By Pratyush Thakur and Mike Stone

Oct 24 (Reuters) - RTX reported better-than-expected quarterly earnings on Tuesday, as a strong performance at its Collins Aerospace business offset the hit from a major quality crisis at engine making unit Pratt and Whitney.

The company also approved a $10 billion share repurchase program that will be funded through short and long-term debt.

Shares of the aerospace major were up 8.1% before the bell.

In July, RTX disclosed it had found microscopic contaminants in powdered metal, used to manufacture high-pressure turbine discs that are part of the engine's core, the presence of which could lead to cracks in the engine.

RTX had at the time said 200 Geared Turbofan (GTF) engines would require "accelerated inspection" with 60 days to fix each engine with a contamination issue. However, two months later, it expanded the scope of inspections and said it would need to pull up to 700 engines off aircraft for lengthy quality inspections.

The powdered metal issue has forced RTX to shorten the expected life of certain parts for the PW1500 and PW1900 engines, which will cause "some incremental" groundings of Airbus A220s and Embraer E2 aircraft in the first half of 2024. RTX also expects to remove and inspect 100 V2500 engines, which power A320ceo aircraft, over the next four years.

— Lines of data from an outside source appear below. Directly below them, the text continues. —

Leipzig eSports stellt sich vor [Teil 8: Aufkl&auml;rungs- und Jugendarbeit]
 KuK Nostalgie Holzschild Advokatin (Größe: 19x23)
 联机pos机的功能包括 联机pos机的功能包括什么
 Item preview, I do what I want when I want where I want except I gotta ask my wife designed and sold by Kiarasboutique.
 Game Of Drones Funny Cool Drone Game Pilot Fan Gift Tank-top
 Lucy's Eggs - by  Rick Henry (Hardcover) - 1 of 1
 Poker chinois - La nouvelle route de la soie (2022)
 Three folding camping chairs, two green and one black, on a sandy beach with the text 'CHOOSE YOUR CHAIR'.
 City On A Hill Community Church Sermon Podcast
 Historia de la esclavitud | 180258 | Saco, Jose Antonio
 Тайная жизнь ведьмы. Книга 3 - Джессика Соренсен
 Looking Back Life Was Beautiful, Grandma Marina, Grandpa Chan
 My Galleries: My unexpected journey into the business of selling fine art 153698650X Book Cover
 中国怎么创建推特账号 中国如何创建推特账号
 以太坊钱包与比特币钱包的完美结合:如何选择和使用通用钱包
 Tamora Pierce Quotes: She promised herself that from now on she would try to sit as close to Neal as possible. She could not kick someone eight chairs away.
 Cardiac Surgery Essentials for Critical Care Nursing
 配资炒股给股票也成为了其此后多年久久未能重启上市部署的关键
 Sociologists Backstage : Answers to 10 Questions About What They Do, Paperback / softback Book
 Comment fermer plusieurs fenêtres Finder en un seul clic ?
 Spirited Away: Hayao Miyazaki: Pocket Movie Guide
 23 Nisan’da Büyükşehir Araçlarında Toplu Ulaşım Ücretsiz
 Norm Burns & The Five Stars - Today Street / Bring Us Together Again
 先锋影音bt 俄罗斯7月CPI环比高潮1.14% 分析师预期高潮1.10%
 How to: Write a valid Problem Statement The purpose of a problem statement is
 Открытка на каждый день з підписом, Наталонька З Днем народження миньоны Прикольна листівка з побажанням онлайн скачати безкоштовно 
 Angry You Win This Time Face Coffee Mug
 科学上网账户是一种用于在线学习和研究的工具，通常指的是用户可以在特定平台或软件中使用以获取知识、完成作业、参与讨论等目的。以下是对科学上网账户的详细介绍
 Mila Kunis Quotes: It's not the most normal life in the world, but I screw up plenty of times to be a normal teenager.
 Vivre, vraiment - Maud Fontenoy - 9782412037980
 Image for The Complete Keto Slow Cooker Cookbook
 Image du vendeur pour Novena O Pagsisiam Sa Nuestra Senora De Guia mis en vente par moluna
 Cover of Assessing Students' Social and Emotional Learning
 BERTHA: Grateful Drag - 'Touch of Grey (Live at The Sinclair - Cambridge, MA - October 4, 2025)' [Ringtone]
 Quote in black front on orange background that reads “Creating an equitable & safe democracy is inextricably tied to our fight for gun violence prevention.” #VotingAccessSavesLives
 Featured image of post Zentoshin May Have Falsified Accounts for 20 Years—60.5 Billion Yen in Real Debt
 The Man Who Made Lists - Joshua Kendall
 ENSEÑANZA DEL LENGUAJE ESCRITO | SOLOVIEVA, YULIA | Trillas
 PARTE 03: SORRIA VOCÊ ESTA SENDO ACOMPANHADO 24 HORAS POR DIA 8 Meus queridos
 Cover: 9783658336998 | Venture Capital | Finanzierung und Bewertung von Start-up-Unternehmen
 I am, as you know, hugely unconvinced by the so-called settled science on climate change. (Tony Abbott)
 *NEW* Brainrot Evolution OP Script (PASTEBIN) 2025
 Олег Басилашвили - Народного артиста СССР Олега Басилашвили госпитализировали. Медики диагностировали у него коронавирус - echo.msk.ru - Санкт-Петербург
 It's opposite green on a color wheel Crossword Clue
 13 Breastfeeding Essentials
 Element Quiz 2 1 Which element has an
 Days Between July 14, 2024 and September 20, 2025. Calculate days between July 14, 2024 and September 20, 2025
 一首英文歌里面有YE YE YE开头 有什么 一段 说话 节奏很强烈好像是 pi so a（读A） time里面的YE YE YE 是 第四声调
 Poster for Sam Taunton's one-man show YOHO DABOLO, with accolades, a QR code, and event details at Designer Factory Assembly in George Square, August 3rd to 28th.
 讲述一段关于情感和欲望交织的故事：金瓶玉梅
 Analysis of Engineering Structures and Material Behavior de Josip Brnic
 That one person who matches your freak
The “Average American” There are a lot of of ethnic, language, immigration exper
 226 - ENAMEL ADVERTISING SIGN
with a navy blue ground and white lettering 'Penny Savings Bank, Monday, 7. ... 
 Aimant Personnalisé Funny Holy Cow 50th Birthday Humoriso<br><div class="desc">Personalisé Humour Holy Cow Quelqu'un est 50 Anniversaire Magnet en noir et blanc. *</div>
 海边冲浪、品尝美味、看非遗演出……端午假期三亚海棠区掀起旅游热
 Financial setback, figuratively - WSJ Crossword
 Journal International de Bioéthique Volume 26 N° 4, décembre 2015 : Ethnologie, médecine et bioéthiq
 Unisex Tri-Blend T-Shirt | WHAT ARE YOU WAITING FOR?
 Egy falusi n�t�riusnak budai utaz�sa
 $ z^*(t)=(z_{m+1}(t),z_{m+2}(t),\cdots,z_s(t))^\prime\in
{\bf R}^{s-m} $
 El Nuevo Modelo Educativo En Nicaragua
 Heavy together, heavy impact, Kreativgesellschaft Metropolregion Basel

Despite other engine types impacted by the metal contaminant issue, Chief Financial Officer Neil Mitchill told Reuters in an interview on Tuesday that "we do not see a significant incremental financial or operational impact."

Pratt and Whitney, a subsidiary of RTX, booked a $2.48 billion operating loss in the reported quarter related to engine recalls and compensations to airlines.

But profit at RTX's Collins Aerospace unit, which deals with commercial after-market service, rose 22% to $903 million.

RTX reported an overall third-quarter adjusted profit of $1.25 per share, beating Wall Street estimates of $1.21, according to LSEG data.

Adjusted revenue rose 12% to $18.95 billion, ahead of analysts expectations of $18.59 billion.

Despite the GTF-related losses, RTX raised its outlook for 2023, forecasting free cash flow of $4.8 billion compared with its previous prediction of $4.3 billion. The company now expects reported sales of $68.5 billion, up from about $67.5 billion, and adjusted sales of $74 billion, up from $73 billion. Adjusted earnings per share - previously projected to be $4.95 to $5.05 - are now expected to be between $4.98 and $5.02.

The Arlington, Virginia-based company also entered into an agreement to sell its Cybersecurity, Intelligence and Services business within its Raytheon segment for around $1.3 billion.